How to sum up humanity? Well, we are emotional, biased creatures that think we are logical. Why does human bias exist and why it is coded inside all of us? Survival! Makes sense, think back when humans were on the snack food side of the food chain and we could throw rocks or sharpened sticks to defend ourselves against high speed four legged animals with teeth. Say a group of humans were hanging out near the mouth of the cave and they heard a noise in a tree--say 5 of the 6 ran back to the cave while the lone human was curious and went to see what that noise was. How long would the curious human last before he became lunch?
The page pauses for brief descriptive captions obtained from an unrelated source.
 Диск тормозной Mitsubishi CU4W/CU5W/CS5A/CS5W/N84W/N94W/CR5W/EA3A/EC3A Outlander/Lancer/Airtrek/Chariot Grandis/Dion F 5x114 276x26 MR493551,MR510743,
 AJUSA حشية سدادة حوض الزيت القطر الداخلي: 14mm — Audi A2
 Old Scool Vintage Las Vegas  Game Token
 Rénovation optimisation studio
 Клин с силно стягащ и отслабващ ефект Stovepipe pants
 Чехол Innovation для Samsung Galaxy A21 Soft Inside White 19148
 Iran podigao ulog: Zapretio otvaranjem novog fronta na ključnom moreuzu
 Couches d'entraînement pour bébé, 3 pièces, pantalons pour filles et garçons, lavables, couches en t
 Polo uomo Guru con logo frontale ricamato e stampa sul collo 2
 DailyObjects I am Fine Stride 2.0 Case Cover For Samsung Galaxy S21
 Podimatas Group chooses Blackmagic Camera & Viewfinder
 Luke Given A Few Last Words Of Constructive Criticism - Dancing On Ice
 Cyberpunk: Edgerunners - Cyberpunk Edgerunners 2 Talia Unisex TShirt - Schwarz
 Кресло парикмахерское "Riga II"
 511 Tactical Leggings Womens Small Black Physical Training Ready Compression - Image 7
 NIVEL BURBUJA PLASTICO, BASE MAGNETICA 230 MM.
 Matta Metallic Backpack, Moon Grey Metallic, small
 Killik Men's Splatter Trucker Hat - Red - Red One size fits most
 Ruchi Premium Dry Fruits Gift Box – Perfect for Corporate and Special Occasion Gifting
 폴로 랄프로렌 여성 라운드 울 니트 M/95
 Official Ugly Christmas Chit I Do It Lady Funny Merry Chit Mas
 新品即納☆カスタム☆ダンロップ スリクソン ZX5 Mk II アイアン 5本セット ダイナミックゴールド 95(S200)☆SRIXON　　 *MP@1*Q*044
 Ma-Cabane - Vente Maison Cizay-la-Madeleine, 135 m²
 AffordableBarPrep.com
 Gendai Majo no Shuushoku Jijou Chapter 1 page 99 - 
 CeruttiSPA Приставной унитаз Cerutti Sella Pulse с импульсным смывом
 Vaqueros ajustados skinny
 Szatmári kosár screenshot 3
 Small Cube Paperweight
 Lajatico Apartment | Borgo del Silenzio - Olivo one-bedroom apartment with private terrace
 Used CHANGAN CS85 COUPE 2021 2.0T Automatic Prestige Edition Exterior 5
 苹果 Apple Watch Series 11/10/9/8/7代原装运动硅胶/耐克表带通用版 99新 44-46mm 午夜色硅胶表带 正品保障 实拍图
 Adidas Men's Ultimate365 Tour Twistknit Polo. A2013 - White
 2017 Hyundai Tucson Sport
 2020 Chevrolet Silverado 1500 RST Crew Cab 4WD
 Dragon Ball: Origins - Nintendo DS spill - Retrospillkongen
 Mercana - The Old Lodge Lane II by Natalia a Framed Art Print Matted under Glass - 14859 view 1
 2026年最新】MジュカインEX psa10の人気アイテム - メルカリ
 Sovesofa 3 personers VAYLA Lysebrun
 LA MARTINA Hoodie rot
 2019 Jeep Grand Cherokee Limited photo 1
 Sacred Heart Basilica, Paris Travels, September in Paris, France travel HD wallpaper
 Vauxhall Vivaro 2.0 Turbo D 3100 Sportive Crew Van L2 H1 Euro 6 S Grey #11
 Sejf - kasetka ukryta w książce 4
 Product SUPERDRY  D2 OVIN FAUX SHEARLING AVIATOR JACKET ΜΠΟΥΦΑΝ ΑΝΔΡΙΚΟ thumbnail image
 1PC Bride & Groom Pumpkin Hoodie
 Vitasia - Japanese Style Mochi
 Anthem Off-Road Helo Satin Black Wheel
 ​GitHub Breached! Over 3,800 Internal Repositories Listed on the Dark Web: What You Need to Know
Curiosity is what drives humanity forward but in the early days, it caused you to be brunch. Kids are curious by nature, just tell them there are creatures out in the woods that eat them (pick your creature!) If they believed in mystical, magical creatures then they would self-regulate even when you were distracted. This was all done to survive and you still are wired that way. You believe what you see, believe in your senses to stay alive.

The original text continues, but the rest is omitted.